### TASK TO CARRY OUT
What you should give back is a precise copy of the lines below from the one containing "Девушка 20 лет" through the one containing "Akif İslamzadə kimdir?", with no pictures.

### LISTED RECORDS

________________________________________

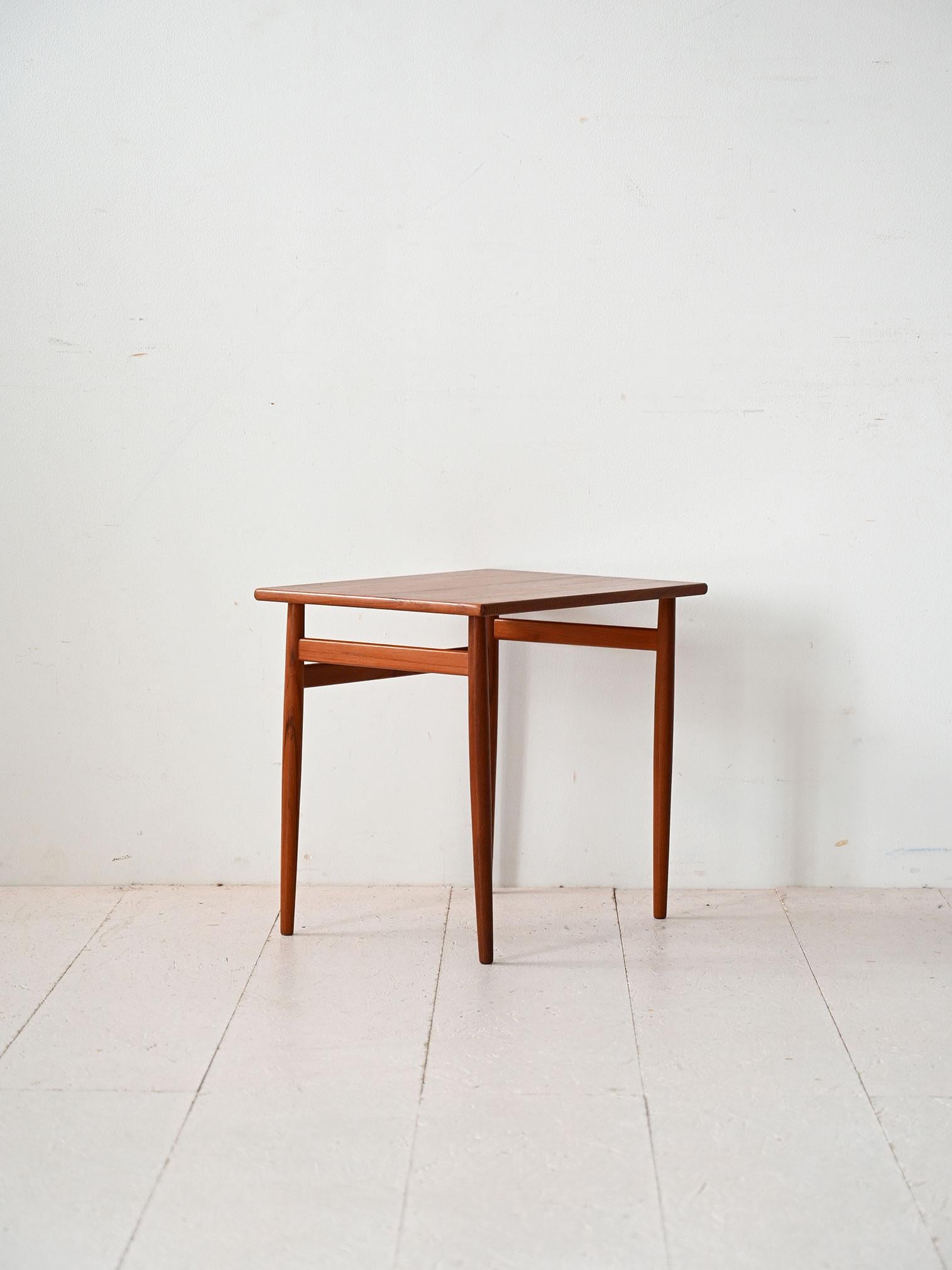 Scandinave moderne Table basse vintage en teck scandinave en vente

________________________________________

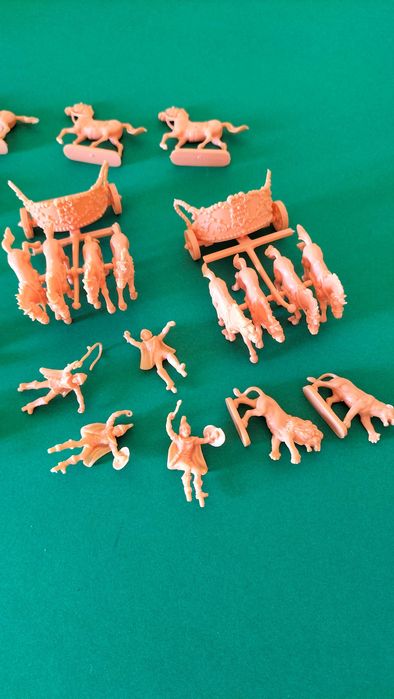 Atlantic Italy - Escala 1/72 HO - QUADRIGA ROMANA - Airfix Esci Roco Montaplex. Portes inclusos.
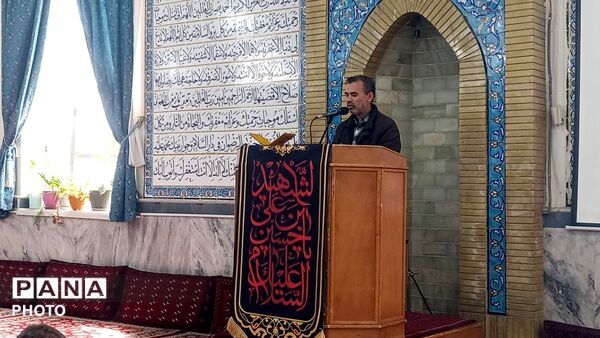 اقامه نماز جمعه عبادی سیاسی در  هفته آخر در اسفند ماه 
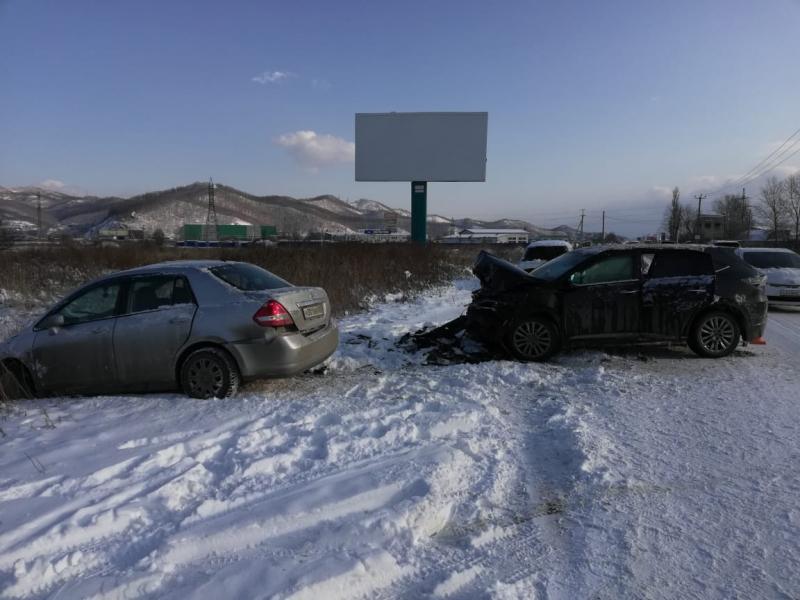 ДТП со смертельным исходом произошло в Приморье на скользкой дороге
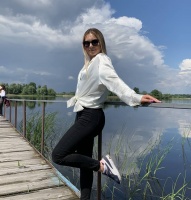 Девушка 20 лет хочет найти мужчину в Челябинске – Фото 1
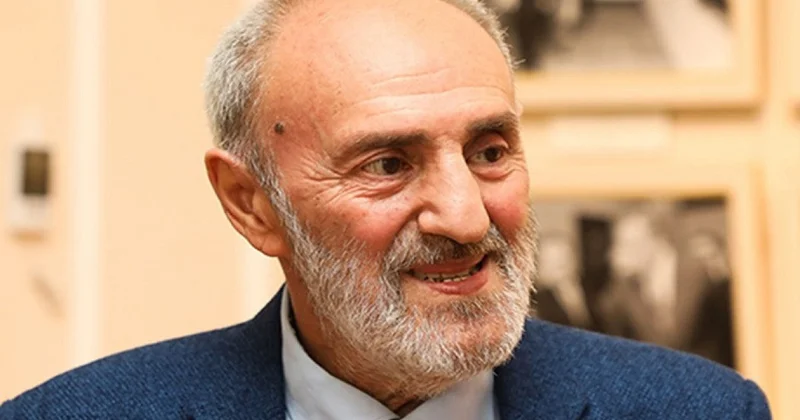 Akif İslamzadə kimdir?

________________________________________

### RESPONSE AREA
 Девушка 20 лет хочет найти мужчину в Челябинске – Фото 1
 Akif İslamzadə kimdir?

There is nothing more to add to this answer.